All this seems weird to me... Can anyone clarify this?
Thanks!
To put it very blunt and simple.
Safe
By "safe code" you teacher probably means managed code. That is code where you don't have to "care" about pointers and memory, you have a garbagecollector that takes care of this for your. You are dealing with refrences. Examples of languages built like this is java and c#. Code is compiled to a "fictional" opcodes(intermediate language, IL for C#), and compiles and run realtime(JIT, just in time compilation). The IL generated code, will have to be converted to real native platform based opcodes, in java this is one of things the jvm does. You may easily disassemble code from languages like these. And they may run on several platforms without a recompilation.
Unsafe
By "unsafe code" the teacher means ordinary native c++ unmanaged code, where all memory and resource management is handled by you. This makes room for human error, and memory leaks, resource leaks and other memory errors, you don't usually deal with in managed languages. It also compiles to pure bytecode (native assembly opcodes), which means that you have to compile your code for each platform you intend to target. You will encounter that you will have to make a lot of code specific for each platform, depending on what you are going to code. It's nice to see that simple things such as threading, which where platform dependent, now is a part of the c++ standard.

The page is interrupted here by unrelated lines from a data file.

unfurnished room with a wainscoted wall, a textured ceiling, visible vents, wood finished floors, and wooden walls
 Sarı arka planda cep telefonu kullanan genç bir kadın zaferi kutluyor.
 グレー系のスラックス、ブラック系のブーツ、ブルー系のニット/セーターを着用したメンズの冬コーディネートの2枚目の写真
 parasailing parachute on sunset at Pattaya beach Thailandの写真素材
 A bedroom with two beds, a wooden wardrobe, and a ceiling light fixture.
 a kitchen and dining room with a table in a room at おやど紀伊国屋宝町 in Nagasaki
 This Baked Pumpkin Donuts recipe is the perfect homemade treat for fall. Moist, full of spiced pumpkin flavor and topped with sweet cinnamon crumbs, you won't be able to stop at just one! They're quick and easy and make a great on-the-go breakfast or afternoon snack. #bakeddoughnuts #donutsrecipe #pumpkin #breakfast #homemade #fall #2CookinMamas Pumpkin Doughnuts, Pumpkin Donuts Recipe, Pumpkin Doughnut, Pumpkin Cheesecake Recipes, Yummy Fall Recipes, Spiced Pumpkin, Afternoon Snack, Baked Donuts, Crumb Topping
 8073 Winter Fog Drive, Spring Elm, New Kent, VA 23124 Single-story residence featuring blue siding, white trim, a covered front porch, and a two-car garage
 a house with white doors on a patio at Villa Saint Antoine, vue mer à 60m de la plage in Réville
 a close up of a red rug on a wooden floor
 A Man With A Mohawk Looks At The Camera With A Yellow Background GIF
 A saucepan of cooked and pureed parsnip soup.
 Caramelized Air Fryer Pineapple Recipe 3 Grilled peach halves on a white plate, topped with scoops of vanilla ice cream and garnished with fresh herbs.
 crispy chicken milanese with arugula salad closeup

Then you have c++/CLI, which basicly is a mix. You may use managed code from the .net framework in c++, and it may be used as a bridge, and be used to make wrappers.
Console::WriteLine() is managed .net code, safe.
cout is standard iso c++ from <iostream>, unsafe
You find a related post here, with a broader answer here and here :)
Edit
As pointed out by Deduplicator below this is also of interest for you
Hope it helps.
Cheers
In the world of .NET, "safe" is synonymous with "verifiable" type safety. In Visual C++, it's enabled by /clr:safe.
/clr:safe will prevent you from using std::cout or any other function or type implemented in native code, because the metadata needed by .NET's verifier does not exist for native functions. MSIL which Stigandr mentioned can be used for just-in-time compilation, but even when compilation to native code is performed ahead of time, the MSIL is provided alongside the compiled native code and serves as a proof of its type safety which the verifier inspects.
Standard (native / unmanaged) C++ does check type safety during compilation. But that can be disabled by casts, and without runtime type checks, which C++ does not provide as part of the language, pointer arithmetic (e.g. array index out of bounds) can also violate type safety, as can using pointers to freed objects. C++ isn't just a language though, it is also a standard library, where you find smart pointers and smart collections that do the necessary runtime checks, so it can be just as type-safe as any managed framework.
Related
Is Microsofts C++/CLI built on top of the C++ Standard (C++98 or C++11) or is it only "similar" and has deviations?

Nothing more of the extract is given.